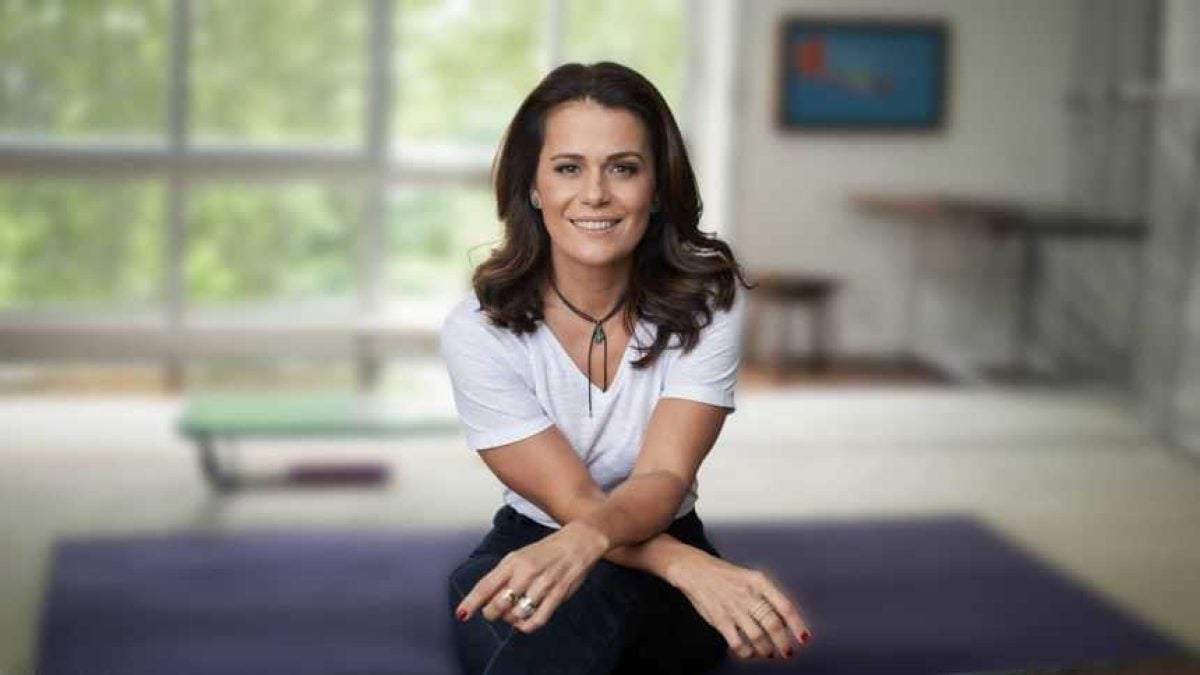 Adriana Araújo rebate influenciadora e defende feminismo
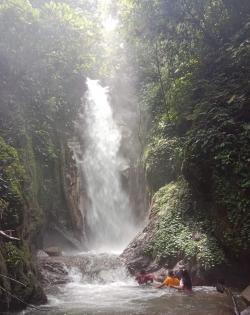 Air Terjun Sarambu Tanone yang Tersembunyi, Indah dan Asri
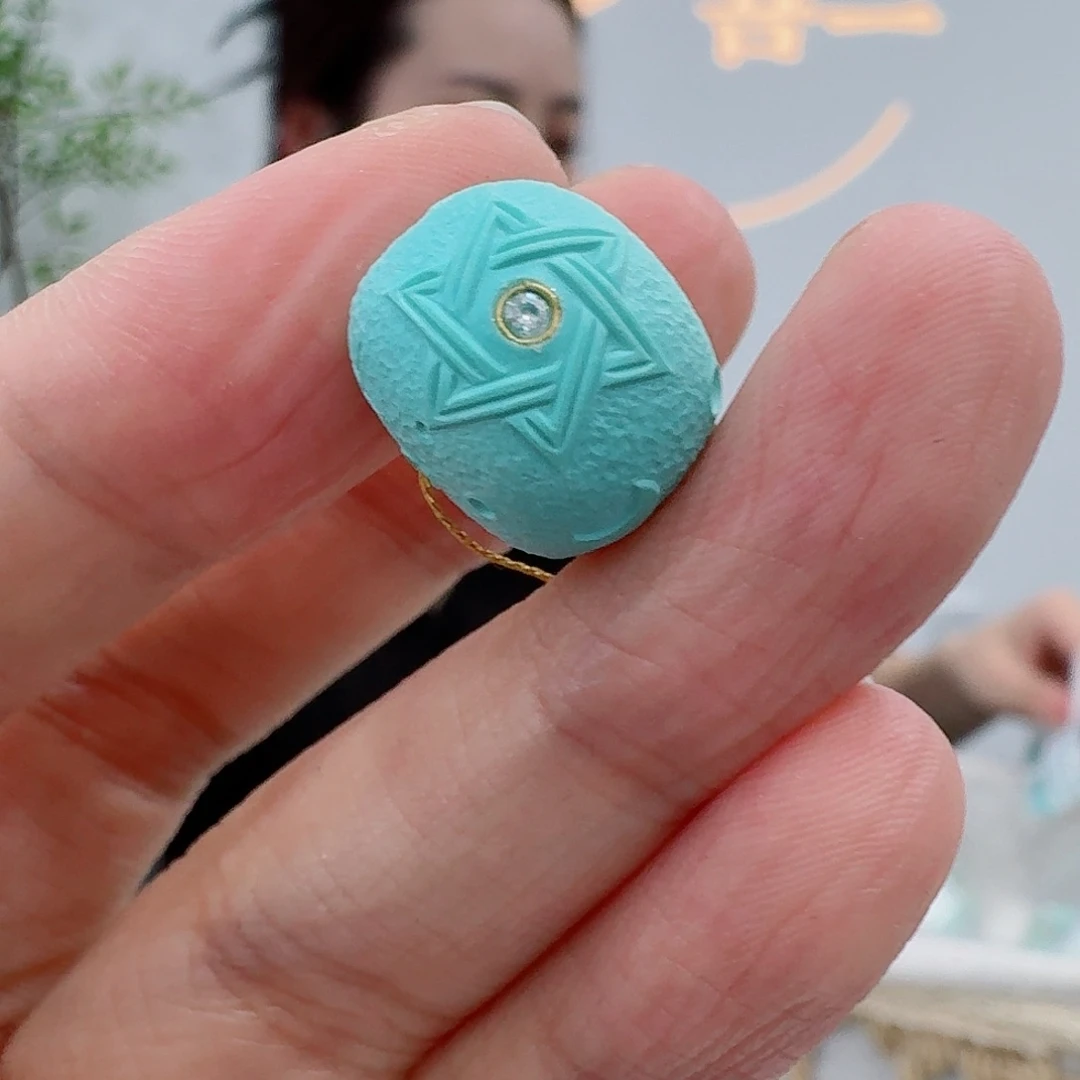 绿松石未镶嵌珠宝奇石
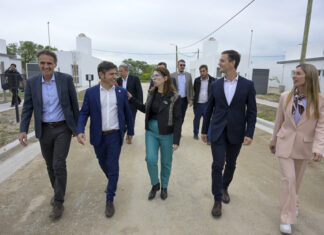 San Vicente: Kicillof y Mantegazza entregaron las primeras 64 viviendas del barrio Altos de Mirini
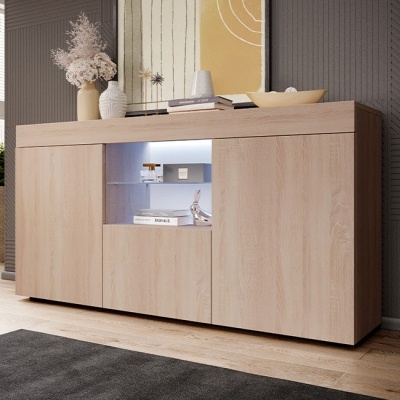 Aparador de madeira clara com nicho iluminado e decoração minimalista numa divisão moderna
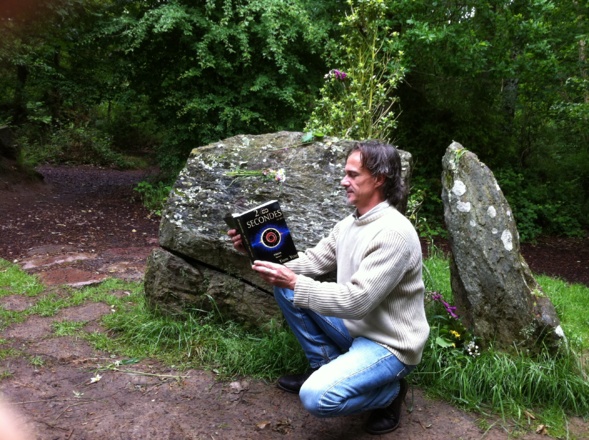Tombeau de Merlin, forêt de Brocéliande. © Yann YORO Tombeau de Merlin, forêt de Brocéliande. © Yann YORO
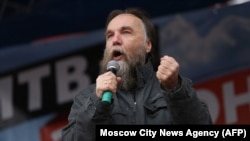 18 октомври, 2014 г. - кадър на Moscow City News Agency, на който руският Александър Дугин изнася реч по време на „битката за Донбас“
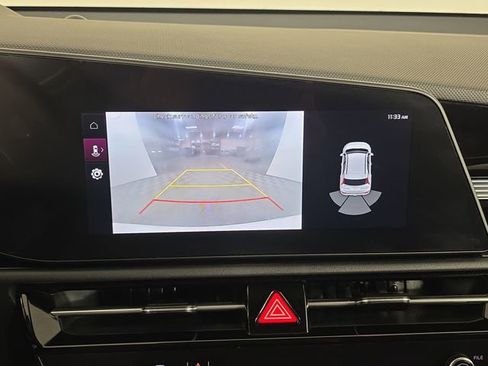 Certified 2025 Kia Niro EX Touring image 25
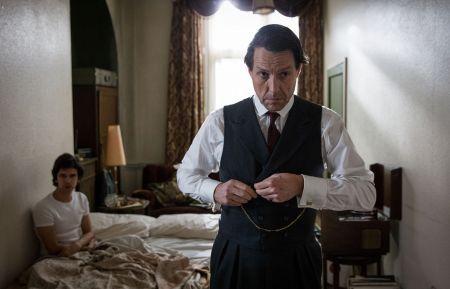 A Very English Scandal - BEN WHISHAW,HUGH GRANT - WARNING: Embargoed for publication until 00:00:01 on 06/04/2018 - Programme Name: A Very English Scandal - TX: n/a - Episode: n/a (No. 1) - Picture Shows: Norman Scott (BEN WHISHAW), Jeremy Thorpe (HUGH GRANT) -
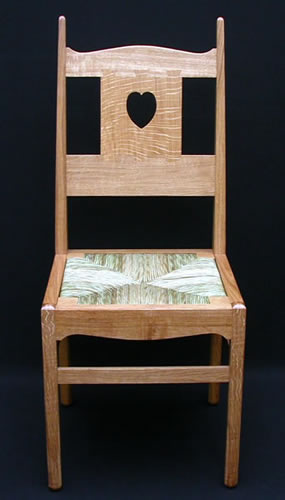 hollymount_chair_straight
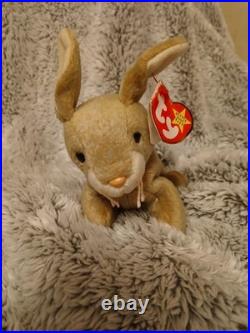 Ty Beanie Baby Rare & Retired Nibbly with Swing Tag Errors Ty Beanie Baby Rare & Retired Nibbly with Swing Tag Errors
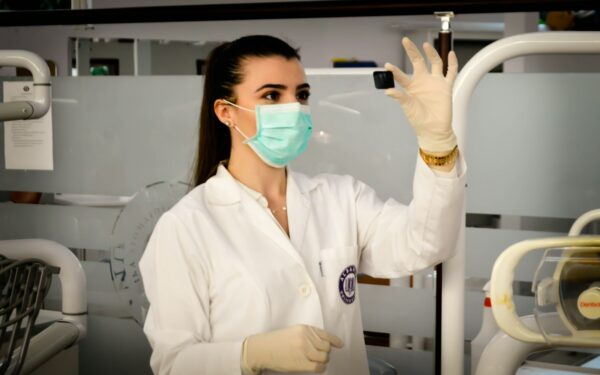 Valdžios planai jauniesiems gydytojams smogė kaip šaltas dušas: tai dar labiau pablogins sveikatos sistemą
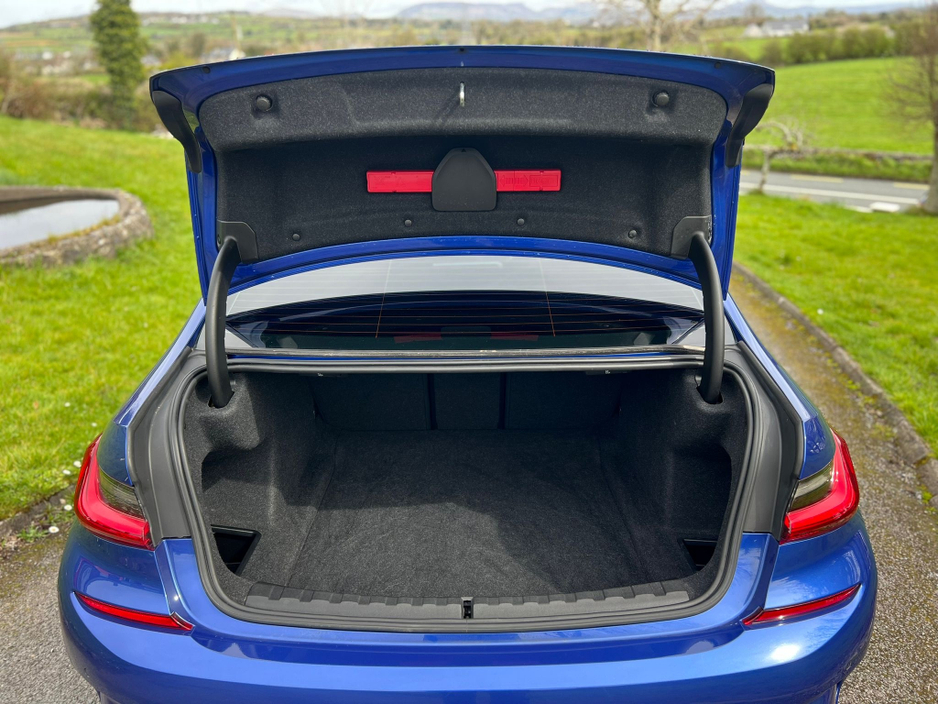 2019 BMW 3 Series - image 7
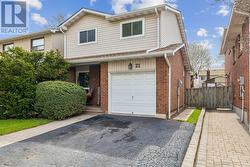21 LIONSHEAD LOOKOUT Brampton, ON L6S 3X2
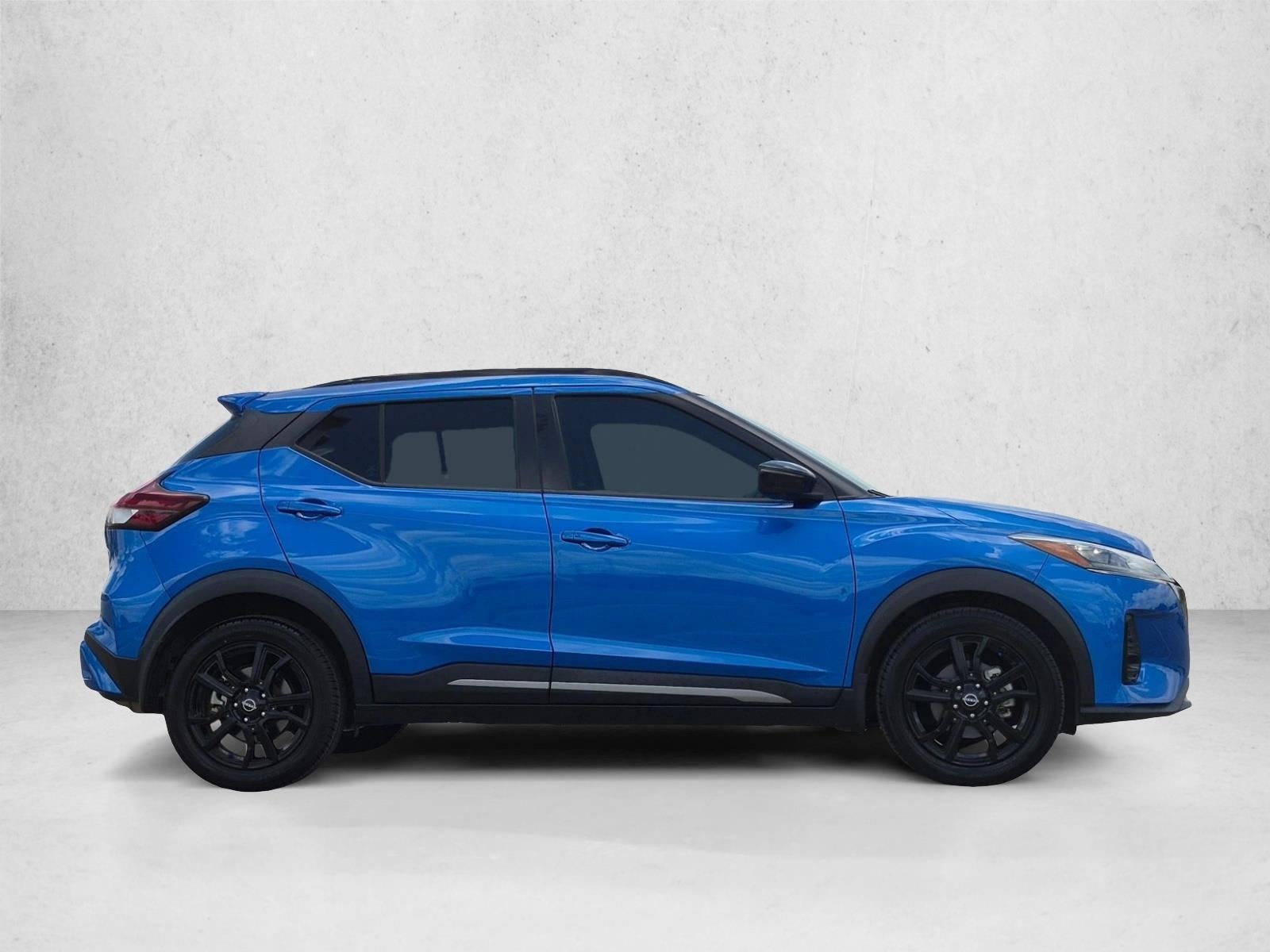 2022 Nissan Kicks SR FWD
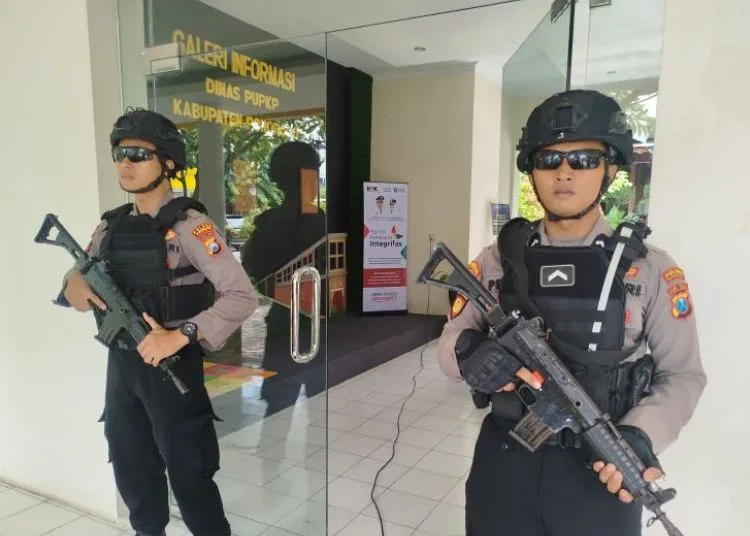 Penyelidikan Merembet ke Kantor DPUPKP Ponorogo, KPK Dikawal Polisi Bersenjata 1 ponorogo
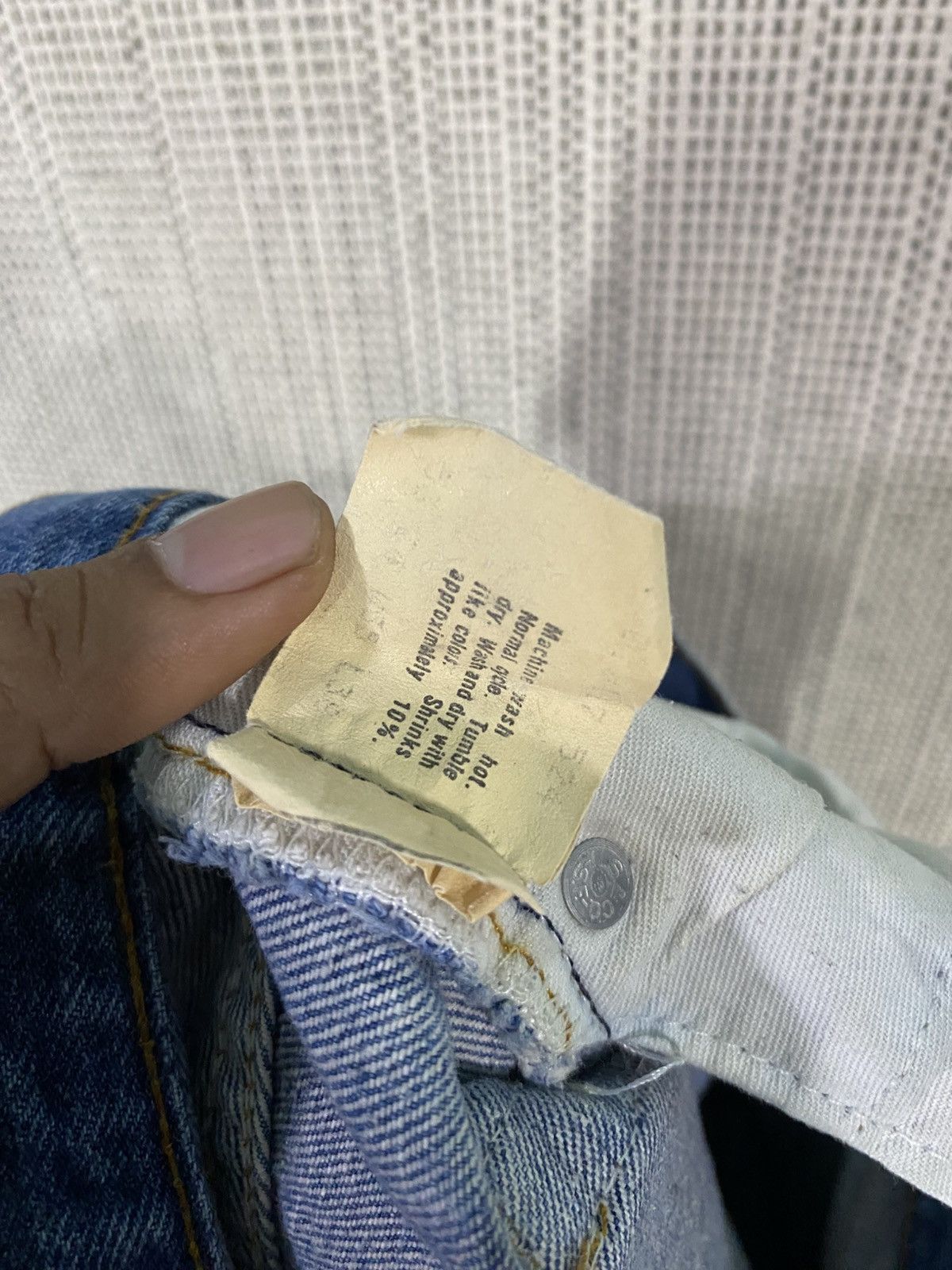Levi's Vintage 70s 1501-0117 single R denim W35 distressed Size US 35 - 12 Thumbnail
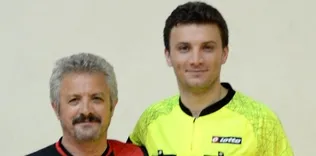 Baba-oğul maçtan sonra fotoğraf çektirdi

**Task goal**: Please transcribe, word for word, every line from the one containing "Valdžios planai jauniesiems" through the last line of the records, both included, and leave the pictures out.

**Final answer**:
 Valdžios planai jauniesiems gydytojams smogė kaip šaltas dušas: tai dar labiau pablogins sveikatos sistemą
 2019 BMW 3 Series - image 7
21 LIONSHEAD LOOKOUT Brampton, ON L6S 3X2
 2022 Nissan Kicks SR FWD
 Penyelidikan Merembet ke Kantor DPUPKP Ponorogo, KPK Dikawal Polisi Bersenjata 1 ponorogo
Levi's Vintage 70s 1501-0117 single R denim W35 distressed Size US 35 - 12 Thumbnail
 Baba-oğul maçtan sonra fotoğraf çektirdi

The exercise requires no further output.